The complexity of the application process may influence your decision of where to source a personal loan from. Personal loan documentation can vary from lender to lender involving multiple copies of identity proof, residential proof, pay slips, investment proof, etc. Personal loans from banks usually require a lot of documentation, whereas many new-age lenders have done away with asking for unnecessary documents.

  1. Number Of Outstanding Debts

Lenders will always check the number of debts that you already have to assess your capability of being able to repay the loan in stipulated time. If you are a borrower with an inadequate income yet multiple outstanding debts or a tendency to carelessly pile on debts, you would be showing them a red flag for granting you a personal loan. Therefore, you always need to keep your debts under control because life may not give you enough time to prepare for financial challenges.

  1. Comparing Interest Rates

Even if your credit rating is constant, different lenders may offer different rates of interest to you as they all follow individually customized risk evaluation. Lenders may charge a higher rate if the perceived risks are higher.

Also, depending on the market rate fluctuations, two types of interest rates may be applied, namely fixed and floating. It is advisable to opt for a fixed rate of interest since your EMI will remain constant throughout the loan tenure, and you will be able to plan your finances better.

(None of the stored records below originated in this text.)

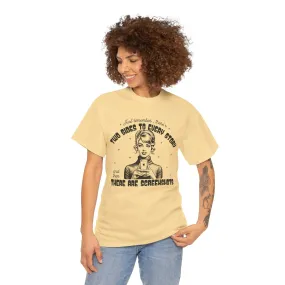 Two Sides Womenswear Basic T-shirt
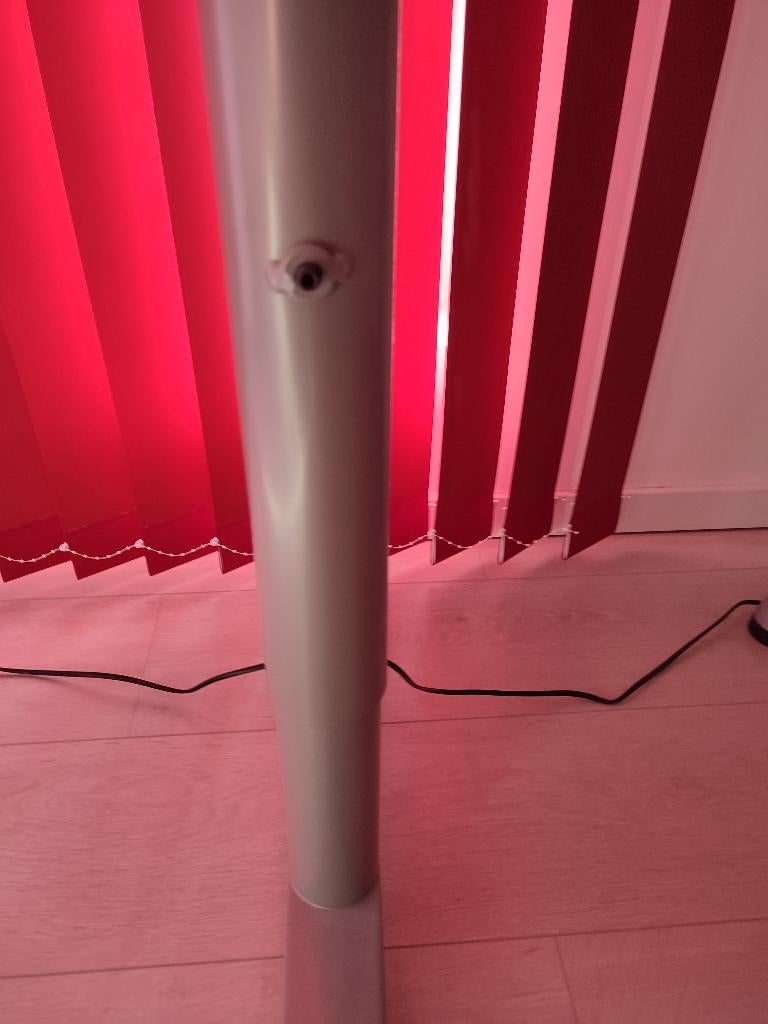 Bureau d'angle, Ophalen, Gebruikt, In hoogte verstelbaar, Hoekbureau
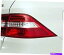 USơ饤 륻ǥ٥ML饹ʪα¦Taillight ML350 ML550 ML63 AMG NEW Mercedes-Benz ML-Class Genuine Right Outer Taillight ML350 ML550 ML63 AMG NEW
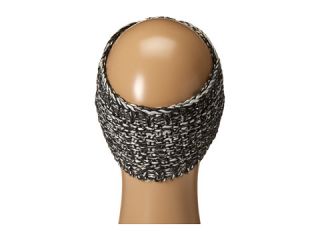 Echo Design Glimmer Bow Headband Light Grey Heather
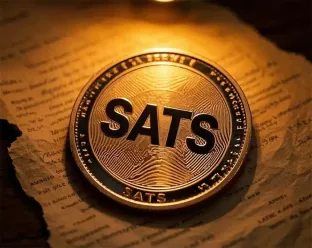 sats币(sats)价格预测:2026年市场分析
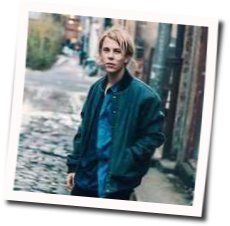 Hold Me Chords by Tom Odell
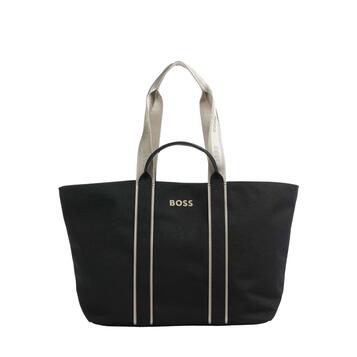 Γυναικεία Τσάντα Ώμου Boss Palmah Tote Black 50546461-001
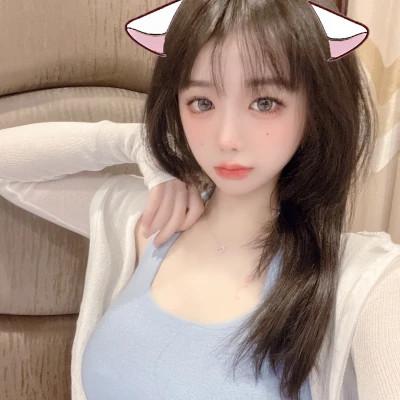 qq女头像ins高级质感22张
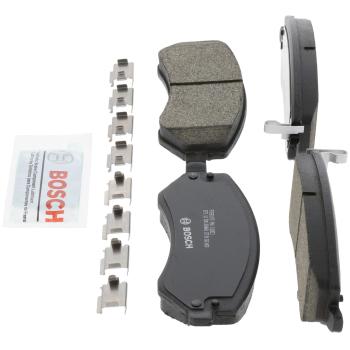 Bosch BC856 Disc Brake Pad product image 3 of 5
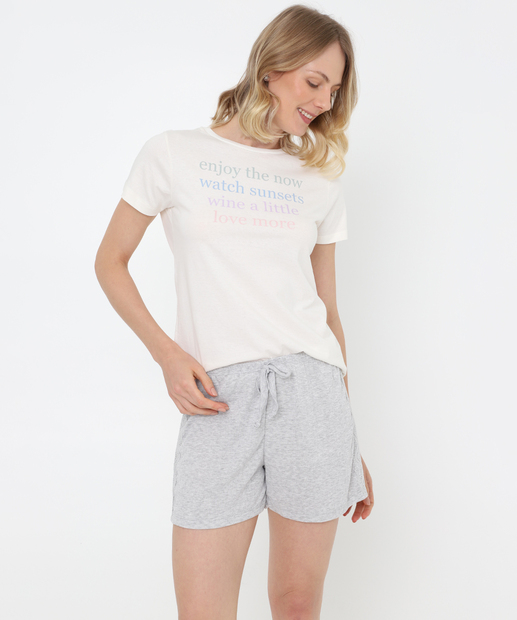 Image_Pijama Feminino Estampa Frase Marisa Off White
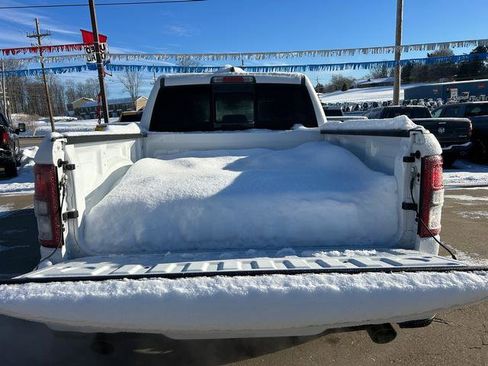 Used 2023 RAM 1500 Big Horn image 19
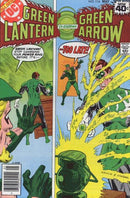 Green Lantern, Vol. 2 My Ring ... My Enemy |  Issue
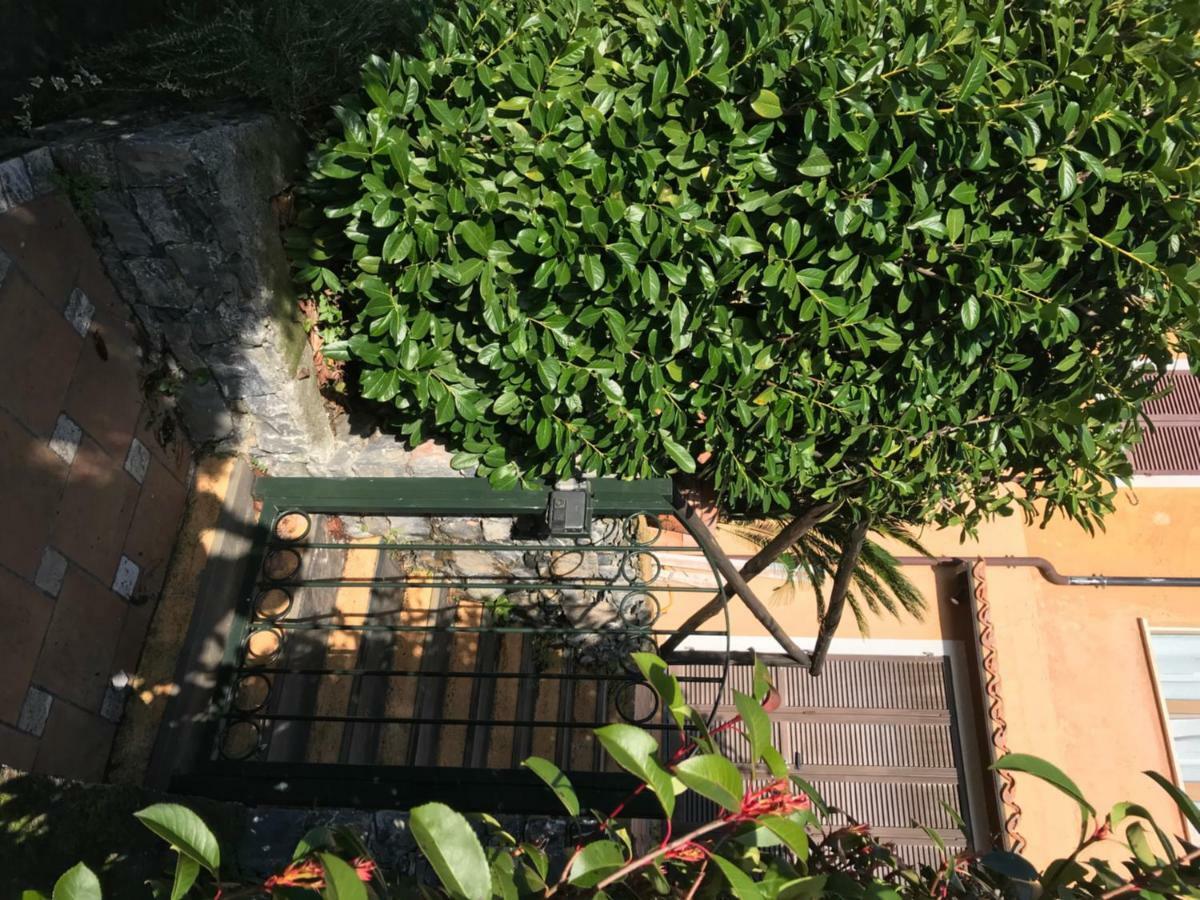 Appartamento Golf Club Garlenda - Alassio Eksteriør bilde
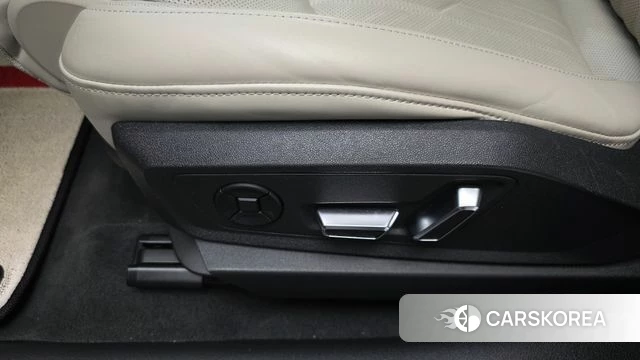 Audi e-Tron id 4201817 из Кореи 20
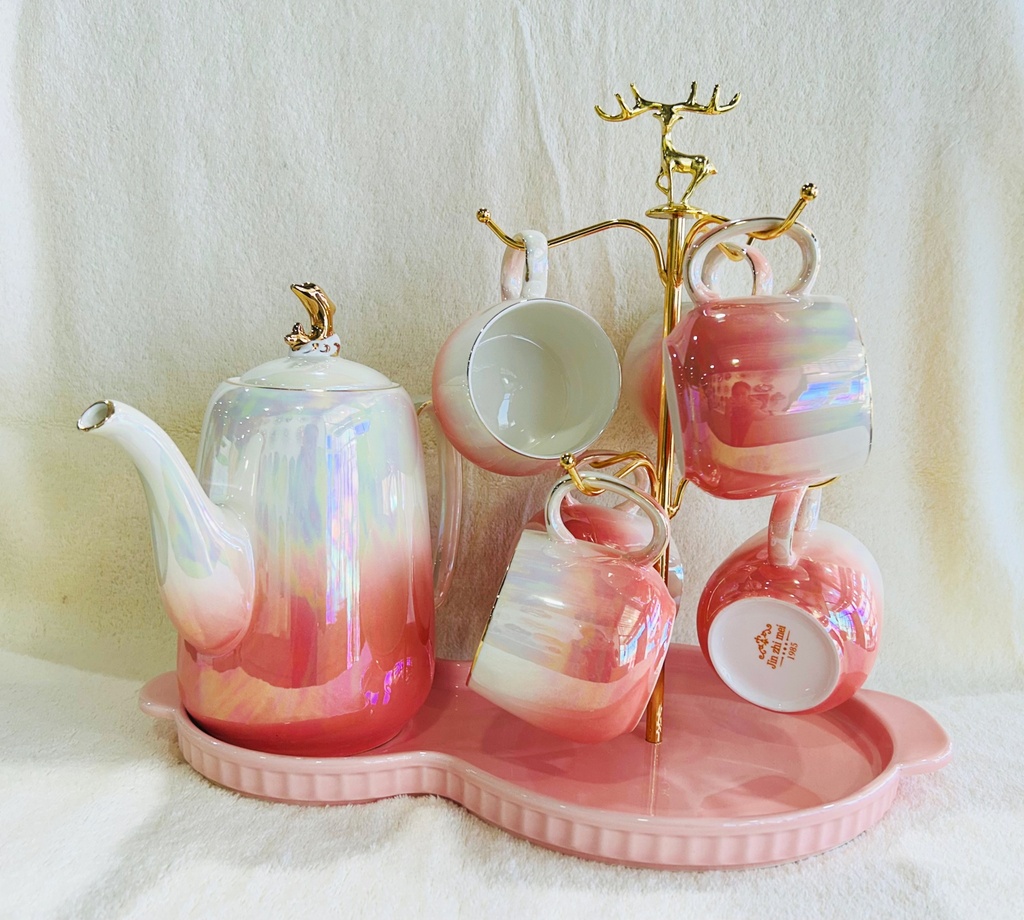 Аяга ком цагаан 1447-3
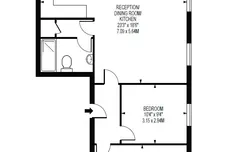 Kingston Road, Epsom floorplan 2 out of 2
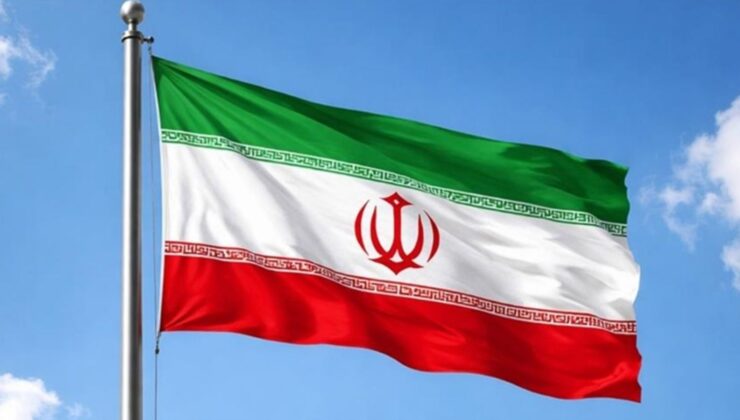 “İran’daki olaylarda ölenlerin sayısı 6 bin 373’e yükseldi”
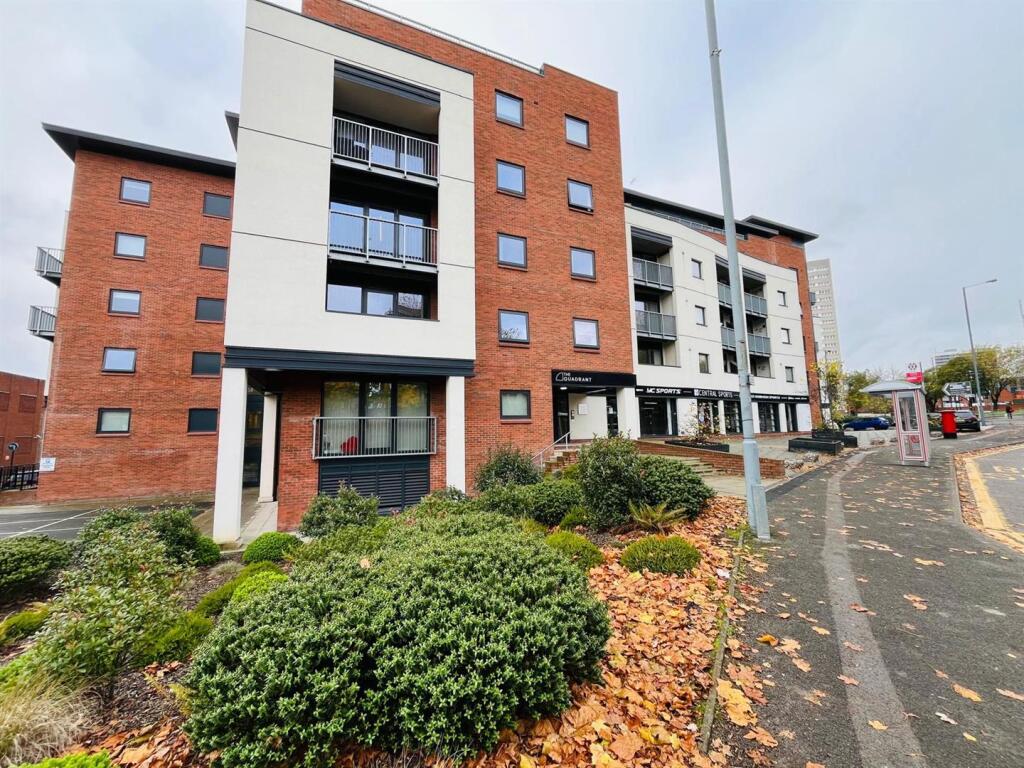 Additional image 24 of The Quadrant, Sand Pits, Birmingham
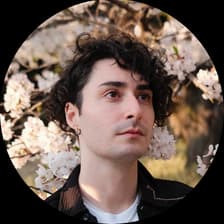 Profile picture for Matan Kushner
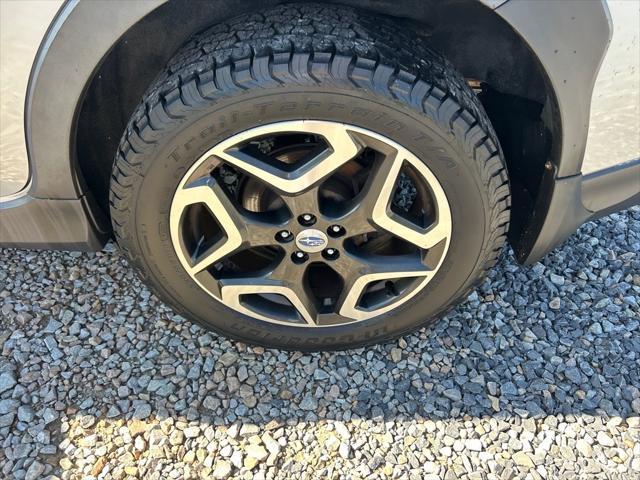 used 2018 Subaru Crosstrek car, priced at $16,500
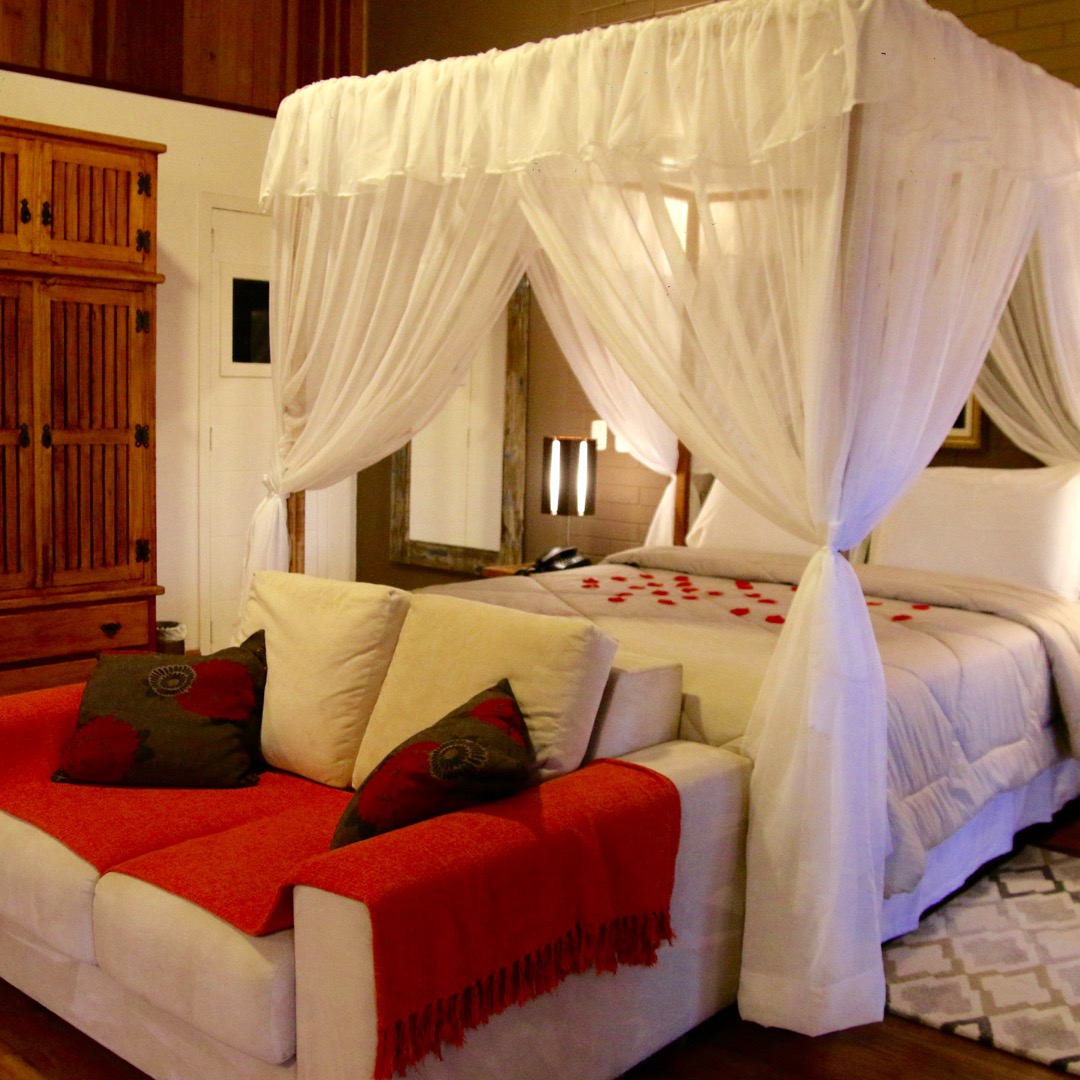 Ilha de Toque Toque Boutique Hotel & SPA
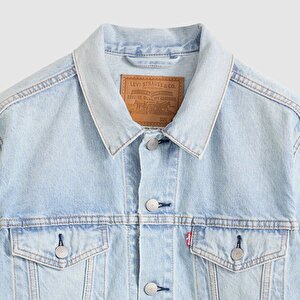 Type III Trucker Ceket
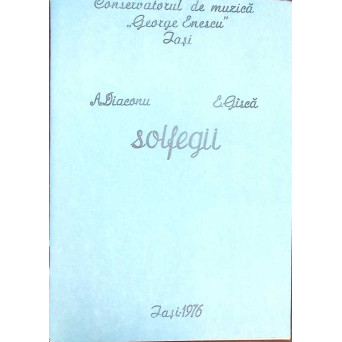 SOLFEGII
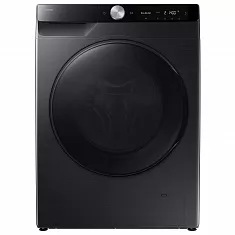Стирально-сушильная машина Samsung WD90DG6G94BBLP
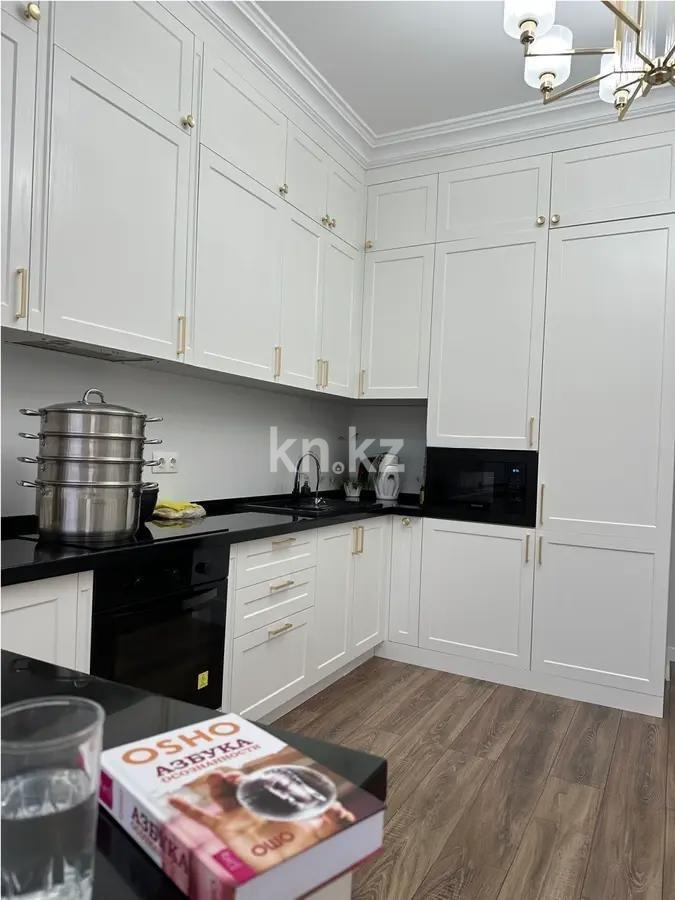 Продажа 3-комнатной квартиры, 92 м², ул. Гейдара Алиева, дом  10/1 в Астане - фото 5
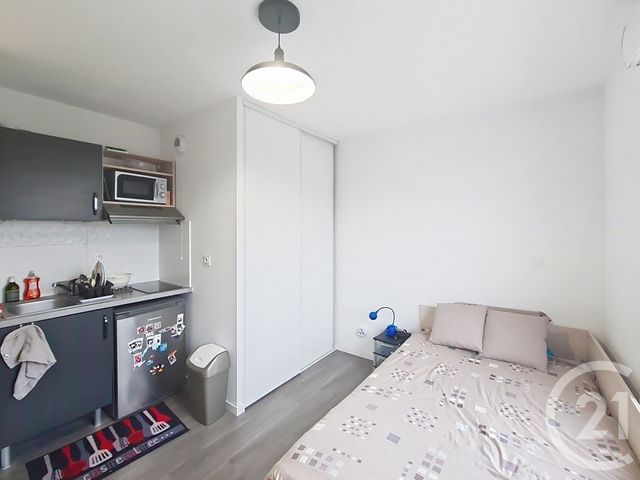 Appartement F1 à vendre - 1 pièce - 18.93 m2 - MONTPELLIER - 34 - LANGUEDOC-ROUSSILLON - Century 21 Via Domitia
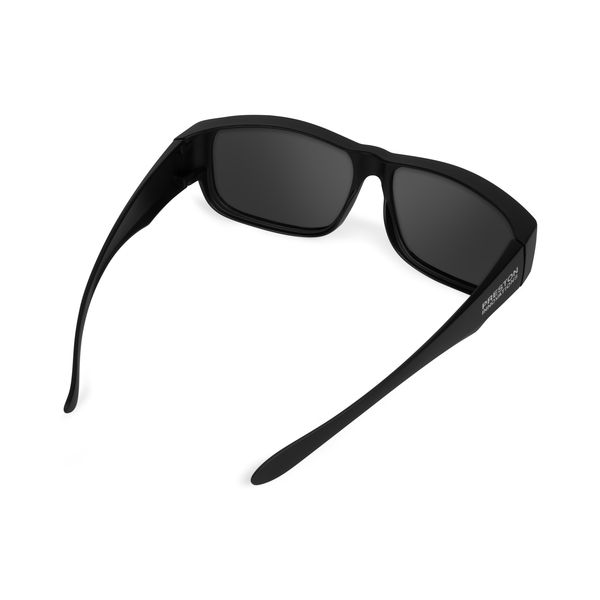 Lunettes de soleil polarisantes Preston Inception Overfit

  1. Submitting Multiple Loan Applications

You do not want to come across as a credit-hungry borrower by applying for personal loans from many different lenders. While evaluating your creditworthiness, lenders can make hard inquiries to check how many credit-report requests have been made against you. This can pull down your credit score resulting in the rejection of your loan application.

To avoid getting into such a sticky situation, apply only for the most suitable personal loan options on online financial marketplaces.

  1. Associated Charges

Take your time to understand all the charges associated with getting a personal loan, for example, checking the loan processing fee, foreclosure charges, charges in case of late payment, prepayment, etc. Only after you have clarity on these points should you consider signing the loan agreement papers.

  1. Credit Score

Borrowers need to maintain a healthy credit score which is based on several factors like your credit history, total levels of debts, repayment history, etc. A credit score of 800 and above is considered to be healthy when applying for a personal loan. Borrowers with a lower credit score might also be eligible for a personal loan but at a higher interest rate.

One good personal loan tip is that you must review your credit report periodically to identify, report, and rectify any wrong information as it may significantly affect your credit score.

While there are many easy options for taking a personal loan, you should consider taking one only for financial emergencies (and not for buying a new phone or a world tour) to maintain financial sanity. It is crucial to consider the above points before signing the deal as the non-payment of a single EMI might not only hurt your credit score but might also put you in a difficult financial situation. So, choose wisely!